P.S. I see DC’s announcement says Bizarro, Bat-Mite, and Prez are intended to be humorous. They don’t mention Section Eight on that list. This does not encourage me.

The Music Will Never Stop 87

February 4th, 2015

Right, so, next tape in the stack is labeled “Dean Groves Music.” Dean Groves was a guy I knew back in high school, a couple of years older than me; his sister Buffie, a year younger than me, was a friend I knew from several places, and I knew Dean through Buffie.

I don’t know where this tape came from, but it’s about an hour and a half of Dean and his guitar. I think the songs are all his own compositions. There are thirty-one of them. I know the actual title of precisely one, though there’s another I can make a good guess at.

The quality here — well, it’s all a bit muddy, though how bad varies. On the other hand, it’s all definitely music — you can hear the melodies and everything. Lyrics take some effort, which is why I haven’t suited titles to anything yet. I won’t be deleting anything. I might try another pass, see if I can get cleaner sound.

Dean, it turns out, has a Facebook account — I know it’s the right Dean Groves from his friends list, which is mostly people I knew, or knew of, in high school. I’ve left him a message about the tape. We’ll see what (if anything) he says.

Why is there Webbing?

January 23rd, 2015

Okay, I have updated the pages for The Cyborg and the Sorcerers and The Wizard and the War Machines

Still don’t have the other two (artists and directory) done.

Haven’t done anything more with those new placeholders, either.

The next chunk, chronologically, is five files dated November 6, 2007. They’re all for novels — Split Heirs, The Lure of the Basilisk, The Rebirth of Wonder, Touched by the Gods, and Worlds of Shadow.

Yeah, fine, that last one’s a series, rather than a single novel.

Anyway, I don’t know how much work they need, but I’ve loaded them into my web editor.

Webbing On!

January 20th, 2015

I still haven’t finished with updates for The Cyborg and the Sorcerers or The Wizard and the War Machine, or two others — one I decided was just too much for now and put the placeholder back up with a few minor changes, and the other (about cover artists) is progressing bit by bit.

But I skipped ahead and did several more files. Except for those four, I’m now up to November 6, 2007. In the last three months of 2007, ending December 16, I did a pretty major update, so there’s plenty to do — but once I’m through this chunk things should speed up, at least for awhile.

I’ve spawned four new placeholders I’ll need to fill in eventually, for Nathan Archer, the Bound Lands, Carlisle Hsing, and Tom Derringer.

Webbing Winds On

January 15th, 2015

Workin’ on October 2007.

You know what I hate?
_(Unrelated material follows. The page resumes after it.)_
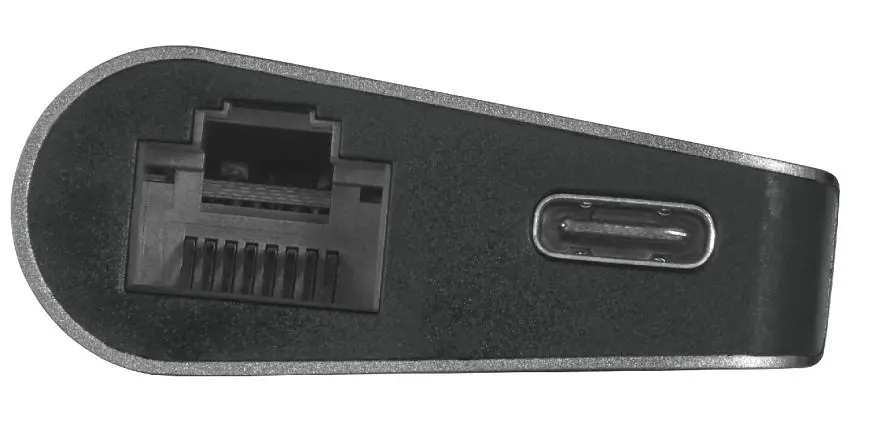Trust USB-хаб DALYX 7-IN-1 USB-C ALUMINIUM - фото 9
When I realize I missed something obvious from a recent update. For example, I updated The Chromosomal Code and The Spartacus File earlier this week and only just now realized that I hadn’t added a link to Realms of Light to either of them — and even stupider, I had added links to Vika’s
and Tom Derringer and the Aluminum Airship to the page for The Chromosomal Code, but not to the one for The Spartacus File that I did two days later.

Well, they’re fixed now.

I’m working on The Cyborg and the Sorcerers and The Wizard & the War Machine. They needed some work. There’s no mention of the Wildside reprints…

Why Webbing?

January 13th, 2015

Updating my website is addictive. I keep trying to tell myself, “That’s enough for now, focus on something else,” and then think, “Oh, just one more…”

This is because I spent three years wading through all the placeholder files I put up on March 7, 2005. File after file, tracking down where a story had first been published and saying something about it — and then suddenly, on December 7, 2014, they were done, and I was updating existing stuff and talking about all sorts of different things and there were never more than maybe four or five files in a day, and I could just tear through months at a time.


I’ve gone from nine years and nine months back to seven years and three months since then. It’s wonderful.